A Tale of Two Castles, by Gail Carson Levine, was a perfectly fine but uninteresting middle-grade "Puss in Boots" retelling, much less compelling than I had thought it might be from the sample chapter I had read in the back of one of her other books awhile ago. (Basically the chapter one problems got solved too quickly and easily and traded for a different set of problems that interested me less.) I liked the character of the dragon, though (who really wants to be a detective but is mostly appreciated by the townsfolk for ITs flame, and whose gender is a secret, so it uses pronouns based on IT and the honorific "Masteress", which could be a nice introduction to alternate pronouns for young people whose minds might be totally blown by "ve" or "xe").

The Girl of Fire and Thorns, Rae Carson. YA fantasy about a chosen one, but a fresh, invigorating handling of that tired trope, to blurb it. I really liked this and am eager to read the rest of the trilogy. Great main character, Elisa, interesting supporting cast with some non-obvious relationships, well-paced with some good action sequences, some nice world details (Spanish-medieval, in a way that felt much more detailed and realized than the standard generic-medieval blandness). Recommended if you like YA fantasy, especially Tamora Pierce.
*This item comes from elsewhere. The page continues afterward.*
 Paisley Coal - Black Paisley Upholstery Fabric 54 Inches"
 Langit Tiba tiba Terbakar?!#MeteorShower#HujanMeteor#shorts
Afterparty, Daryl Gregory. A 2014 SF novel. I am really interested in SF stories about neuropharmacology getting specific enough to affect things like spiritual beliefs, as in certain Greg Egan stories, or the third Beggars book by Nancy Kress. So I was keen to read Afterparty, a near-future novel about a drug whose users believe they have found God. Unfortunately the "zing" of this book is a little more in the thriller department than I wanted, when I would have preferred either a deeper focus on the personal experience and effects of the drug, or a broader look at what it does to society once the drug spreads. (By "zing" I mean like the source of tension in the book, what's driving the plot, what sort of climax and resolution it's building towards.) I'm not anti-thriller and there's still some really neat stuff here (good characters, there is some fine lesbian Together-They-Fight-Crime, some good twists on organized-crime tropes, and I wish the teeny bison were real); I just wanted a little more, well, Greg Egan or Nancy Kress, rather than Dean Koontz (which sounds more critical than I mean - I have very fond memories of reading Watchers and Twilight Eyes and Cold Fire as a teenager). Definitely worth reading if you want an intelligent, well-written thriller though.